Cargamos nuestras armas mientras sentimos como pasan las balas, imparables, atravesando todo lo que pueden con su potencia devastadora, solo se ven frenadas cuando alcanzan a pobre desprevenido, al desesperado o al valiente insensato que recorre los caminos hacía la muerte con suma despreocupación y sin creyendo que en esto hay una nueva oportunidad.
Los amigos, hermanos y vecinos van cayendo, son duros golpes que impactan contra el pecho dejándote muy dolorido y sin ninguna reacción al respecto si no intentar salvarles con tu manos recogiendo su cabeza e intentando convencerles de que todo esto pronto pasará. El siguiente paso es levantarse y lleno de rabia perder la cabeza, todo es injusto pero el destino te dejó los restos para perro que nunca nadie quiso. Eres consciente de que no tienes ninguna oportunidad pero crees más conveniente llegar al final de ninguna parte, correr en círculos hasta que tu energía se acabe, rodas por el suelo hasta que la arena te empape y te hunda en sus lamentos.
Levantas la mirada por encima de la trinchera, observas cuál es el paisaje para poder hacer frente a tanta indecisión. Los hombres parecen haber abandonado la razón, retroceder en el tiempo, volver a sus inicios y volverse animales de nuevo. Actúan por instinto, el más fuerte ganará la partida, podrá vivir y tendrá la oportunidad de volver a casa, pero quizá no haya vuelta a casa.
Puede ser que la victoria nos recompense con nuestra vuelta, pero quizás, nuestro alma se quede entre aquellas dunas, puede que jamás podamos volver a ser el mismo, puede que perdamos nuestros sueños, valores, ideas y que jamás volvamos a ser quienes fuimos. Podemos morir y ser cuerpos carentes de sentido por la vida e incapaces de sentir y vivir como alguna vez lo hicimos.

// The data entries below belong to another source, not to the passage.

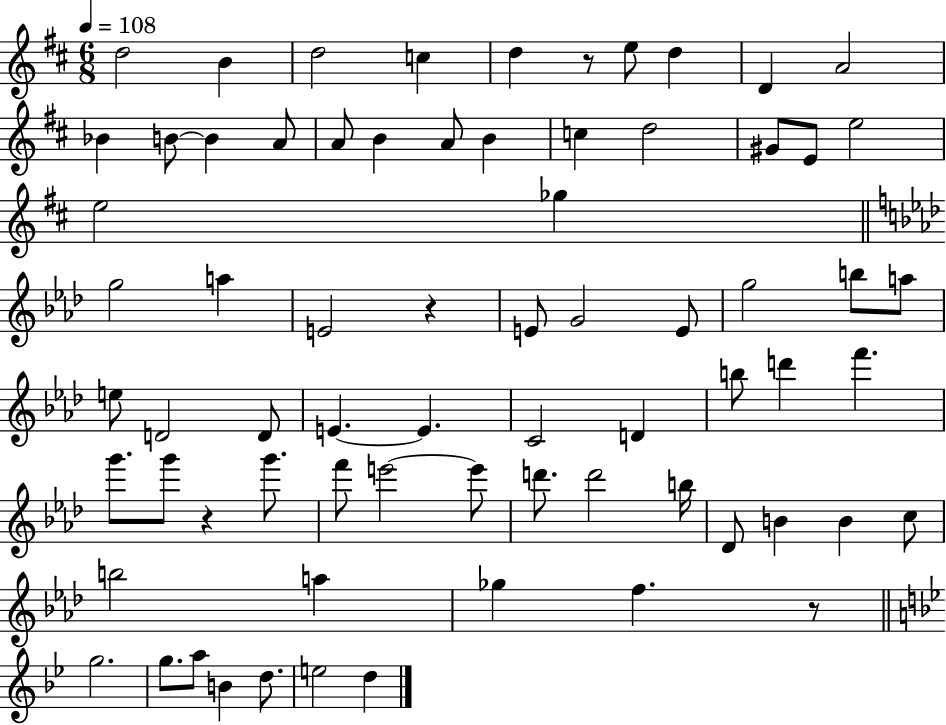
{
  \clef treble
  \numericTimeSignature
  \time 6/8
  \key d \major
  \tempo 4 = 108
  d''2 b'4 | d''2 c''4 | d''4 r8 e''8 d''4 | d'4 a'2 | \break bes'4 b'8~~ b'4 a'8 | a'8 b'4 a'8 b'4 | c''4 d''2 | gis'8 e'8 e''2 | \break e''2 ges''4 | \bar "||" \break \key aes \major g''2 a''4 | e'2 r4 | e'8 g'2 e'8 | g''2 b''8 a''8 | \break e''8 d'2 d'8 | e'4.~~ e'4. | c'2 d'4 | b''8 d'''4 f'''4. | \break g'''8. g'''8 r4 g'''8. | f'''8 e'''2~~ e'''8 | d'''8. d'''2 b''16 | des'8 b'4 b'4 c''8 | \break b''2 a''4 | ges''4 f''4. r8 | \bar "||" \break \key g \minor g''2. | g''8. a''8 b'4 d''8. | e''2 d''4 | \bar "|."
}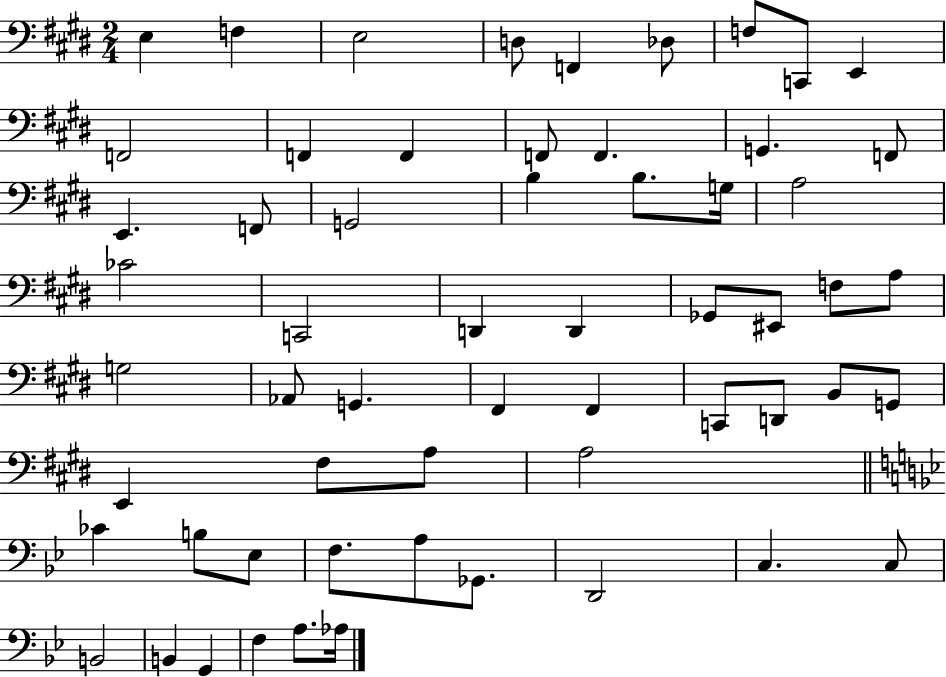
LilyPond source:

{
  \clef bass
  \numericTimeSignature
  \time 2/4
  \key e \major
  e4 f4 | e2 | d8 f,4 des8 | f8 c,8 e,4 | \break f,2 | f,4 f,4 | f,8 f,4. | g,4. f,8 | \break e,4. f,8 | g,2 | b4 b8. g16 | a2 | \break ces'2 | c,2 | d,4 d,4 | ges,8 eis,8 f8 a8 | \break g2 | aes,8 g,4. | fis,4 fis,4 | c,8 d,8 b,8 g,8 | \break e,4 fis8 a8 | a2 | \bar "||" \break \key g \minor ces'4 b8 ees8 | f8. a8 ges,8. | d,2 | c4. c8 | \break b,2 | b,4 g,4 | f4 a8. aes16 | \bar "|."
}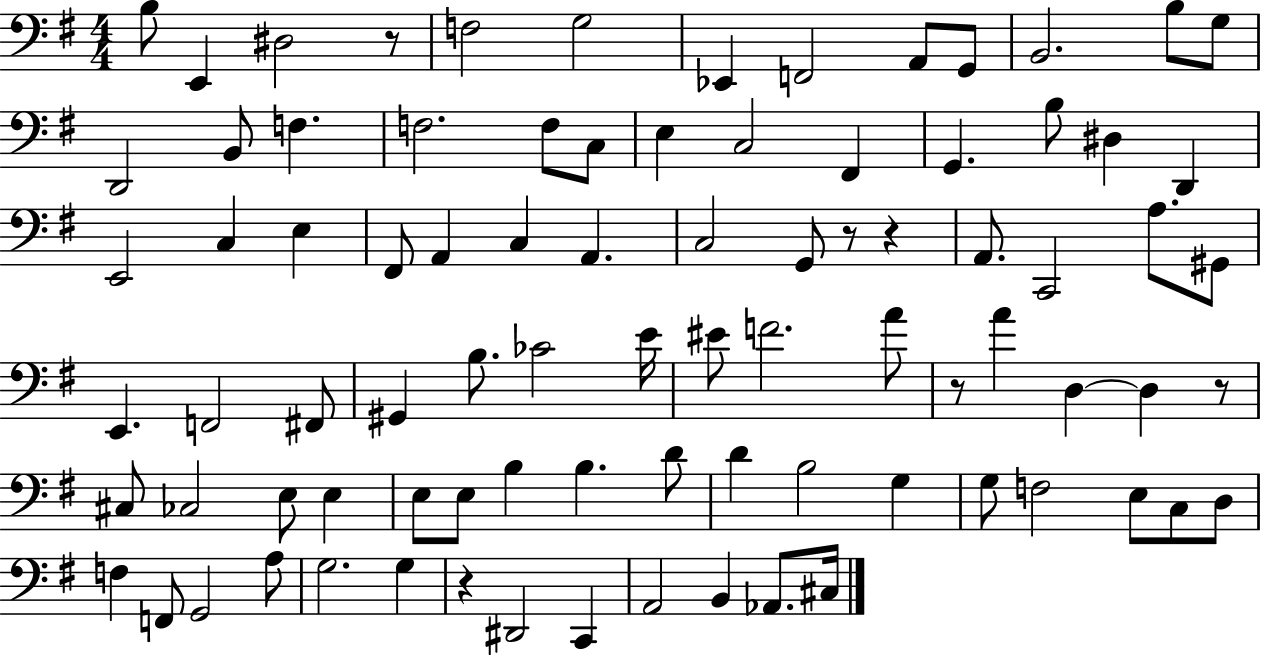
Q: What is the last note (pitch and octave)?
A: C#3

Aunque la guerra también se haya iniciado en mi cabeza parece que se resolverá por la vía más fácil para no vivir un segundo infierno. Me dispongo a levantarme cuando uno de mis compañeros malheridos me sujeta con sus últimas fuerzas y recoge algo del suelo que parece haberse caído.
Abrí esa medalla, pude ver en ella la foto de mi esposa que parecía atravesarme con sus ojos mi mirada y parecía decirme que no era demasiado tarde para volver a casa. No pude contener las lágrimas y volvía a agacharme y me dejé caer sobre el suelo. Mi compañero asustado y triste me pidió que me fuese y que salvase mi vida por él y su familia, le miré y le dí un abrazo levantándome y le di las gracias.
Me marcho, para volver a mi casa, creo que he entendido que mi sitio no está aquí y que lo que quiero es poder decir por última vez a mi familia el día que vaya a morir que les quiero y que jamás habría podido soportar todo ésto sin ellos.
Corrí todo lo rápido que pude cuando sentí que una bala me atravesaba la espalda y caía desplomado sobre el suelo sintiendo el calor de la vieja arena que me daba la bienvenida. Un dolor que paralizaba todo mi sentir que estaba vivo en cada momento cuando sentí la mano de alguien sobre mi pecho.
Al final todo resultó ser un sueño, nada había ocurrido, nada jamás había existido y solo pude decirle a mi mujer que miraba sentada en la cama con su cara de preocupación lo mucho que la amaba.